The truth is that the last time the bus industry recorded profits was back in 2010/2011. This positive trend had been improving over the previous three years but today’s report shows quite honestly an industry appearing to be in decline in 2012. The report itself entitled Bus Industry Performance 2012 presents the results of its analysis of a total of 118 local UK bus Companies.
Even though cost control was proven to be well under control, the reality is that revenue growth has been well below inflation, and even though operators attempted to keep fare increases well below the National average quite simply less people are using buses. This decline is also across the whole of the UK, except interestingly Wales, what this means is that for whatever reason passengers are voting with their feet and not catching buses as often as they used too.

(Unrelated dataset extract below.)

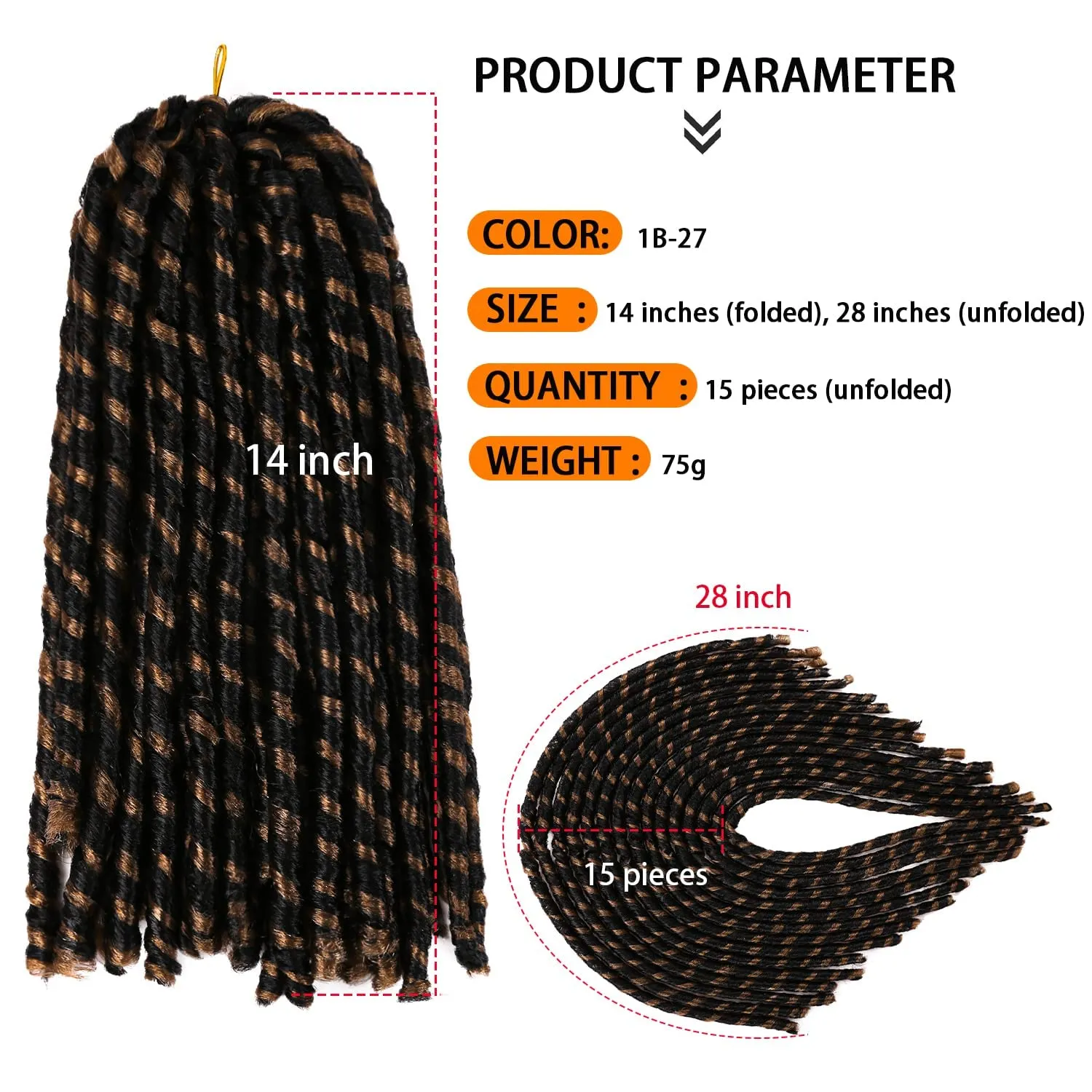 Urban Soft Dread Crochet Hair - 4 Packs Straight Faux Locs Dreadlocks Braids 2 Style in One (4 Packs, #1B-27)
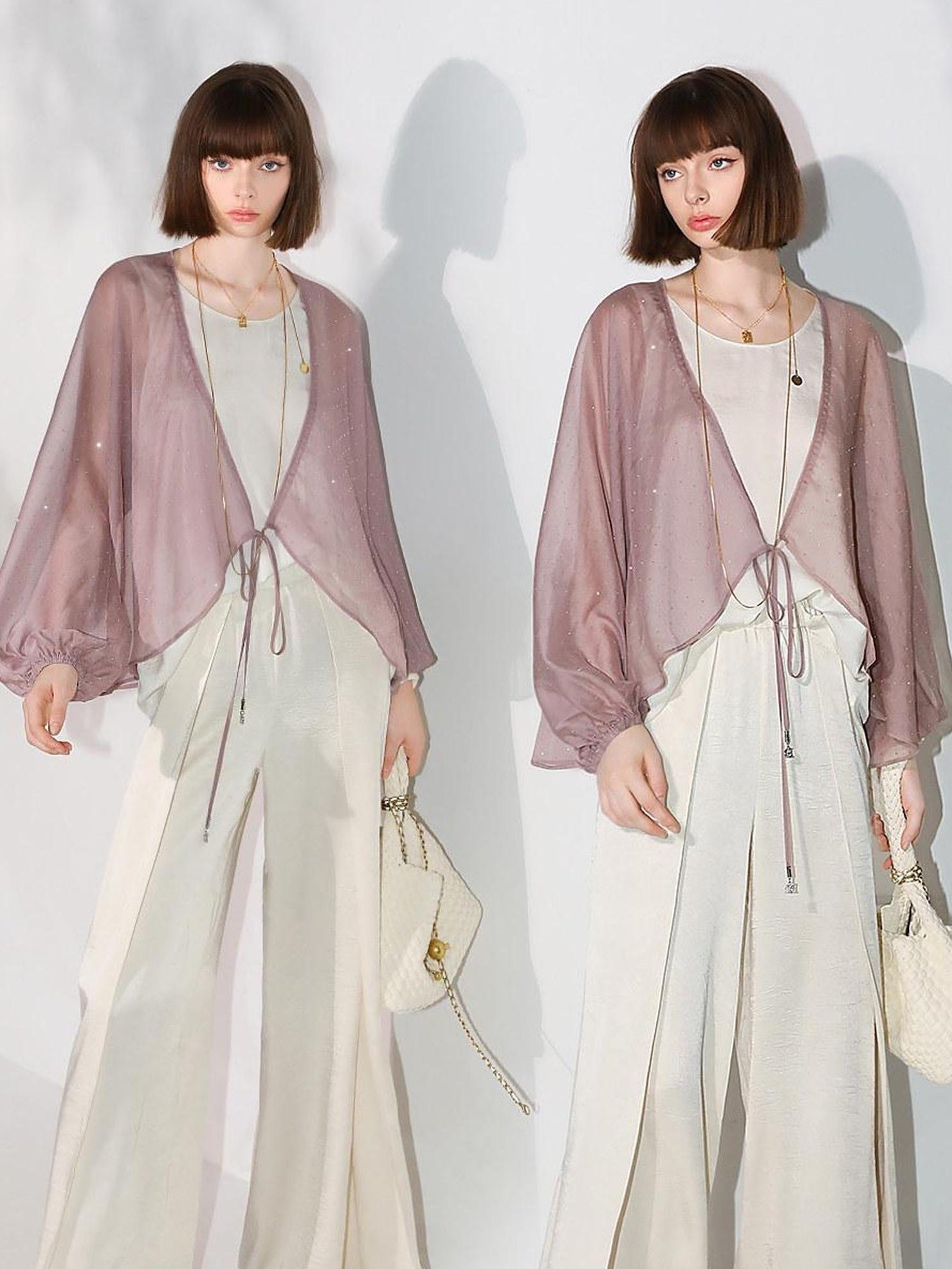 COCOBELLA Sparkling Rhinestone Tie French Loose V Neck Lantern Sleeves Knit Sweater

The two most profitable bus operators were identified as Midland Red South ( which sadly recently was fined over £2 million by the HSE after a fatal accident in Coventry) with 27.8%, and the Busways operation in Tyne and Wear trading as Stagecoach North East with 23%. These handsome percentages are at odds with the worst performing Companies, which ironically included another two Stagecoach operations Islwyn Borough which is part of the Stagecoach South Wales Company with 9.3 %, and East London Bus and Coach with 11.9%. The two worst however in the UK were First Devon and Cornwall on 9.3 % and Glasgow business number 2 at 7.3%.
So what are we to conclude from the results of 2012? Well clearly it is concerning to observe that the trends across the UK do not make good reading. It begs the question about why the public are using buses less than they had been for the previous three years. My guess is that the truth is that congestion is slowly but surely starting to strangle the road networks across the UK s towns and cities. In truth the unchecked access to city centres for the private car is all very well, but there is only so much capacity. Bus services are only as good as their ability to keep to a bus timetable, once passengers lose confidence in the bus to keep to the timetable, especially at peak times, then punters will seek and find alternatives.
Clearly the solution lies in Bus priority and implementing pro Bus measures to tackle congestion and air quality issues that in 2019, are quite rightly under increasing political and public scrutiny. Trends are clearly changing the public are demanding better , cleaner, and greener alternatives and the bus is uniquely placed to cost effectively supply a workable and quality solution to today’s tech savvy and demanding bus users and more importantly car drivers. I fervently hope that post the Brexit debacle, public attention can focus on key aspects of providing the nation with a good, efficient, and good value for money bus network, before it is too late. Watch this space!